Monday, November 11, 2013

Information Analysis #1

Category: Cell phones

Information Analysis is the study of information and what is represents.  You might also know it under the terms of data mining, information gathering, intelligence gathering, or intelligence assessment, just to name a few.

This blog entry focuses on a method for un-anonymizing celluar usage based on an actors tendency to use multiple devices for legitimate vs. illegitimate activities.

Scenario: The primary actor (PA) runs a legitimate business and uses cell phone 1 (CP1) for daily communication of business.  This phone is registered to PA.  This takes place in multiple locations through the city where PA lives.  PA also runs an illegal money laundering business and uses his legitimate business to cover for it.  In order to keep the two separate, he uses a prepaid cell phone (CP2) for all money laundering business.  The assumption is that by using a prepaid cell phone, it will not be able to be linked back to him.

Task: Given that we suspect the PA is conducting illegal activities, we want to be able to tie those activities back to PA2.

Solution: The solution lies in the use of cellular towers and the logging of information related to phone calls.  Assuming that cell phone activity for a given tower or set of towers can be obtained, a cross reference algorithm is devised which will link the activity of the PA between cell towers and phones.
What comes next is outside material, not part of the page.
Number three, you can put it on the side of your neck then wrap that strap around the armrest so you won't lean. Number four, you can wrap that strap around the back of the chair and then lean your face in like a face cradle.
For example, during any particular day, the PA makes calls on CP1 which is covered by cell sites 449, 2132, and 474.  Since we know that CP1 is registered to the PA, we can track these activities:

Date/Time Cell Site Originating Number Destination Number Duration (minutes)
2013-11-10 08:02:33 449 802-310-1234 817-467-3311 5
2013-11-10 08:32:18 2132 802-310-1234 802-846-2111 5
2013-11-10 10:12:12 2132 802-310-1234 202-233-3232 5
2013-11-10 13:11:22 474 802-310-1234 802-355-2314 5
2013-11-10 17:30:01 449 802-310-1234 603-453-1234 5

Now to identify the CP2 usage, we focus on the cell sites that have been used by the PA during this day.  If we plot out the cell site usage, time, and location we can create a probability map of activity for the PA with the probability that they are within range of a certain cell site at any given time.  This is based solely on a linear distribution of probability between any two sites based on the progression of time, and the straight-line connectivity between the cell sites.

Once we have the probability map defined, then we can take a look at all of the other cell phone calls from those cell sites during the time period and prescribe a probability that one of those phones is CP2.

What the algorithm takes into consideration is based on the probability of time that the PA is within access to any one cell site, the phone calls from cell numbers to that site and that time will be assigned a probability.  If we look at the summed probabilities of the cell numbers across all the sites, then we can establish which other cell phones have a high probability of being CP2.

Once CP2 has been identified, a wiretap order can be executed to obtain the information required for prosecution.

Conclusion: This algorithm works best under the following scenarios:
  • The PA travels around enough to use multiple cell sites for both CP1 and CP2
  • The PA uses both cell phones multiple times during the day
  • The PA does not have both cell phones on all the time during the day
Of course, the alternative if both cell phones are on all the time during the day is to just cross-correlate registration of the cells phones with the local towers.  Any two that register at or near the same time have a high probability of being with the PA.

While not a 100% solution, this algorithm provides a high probability of locating multiple linked cell phones for specific scenarios.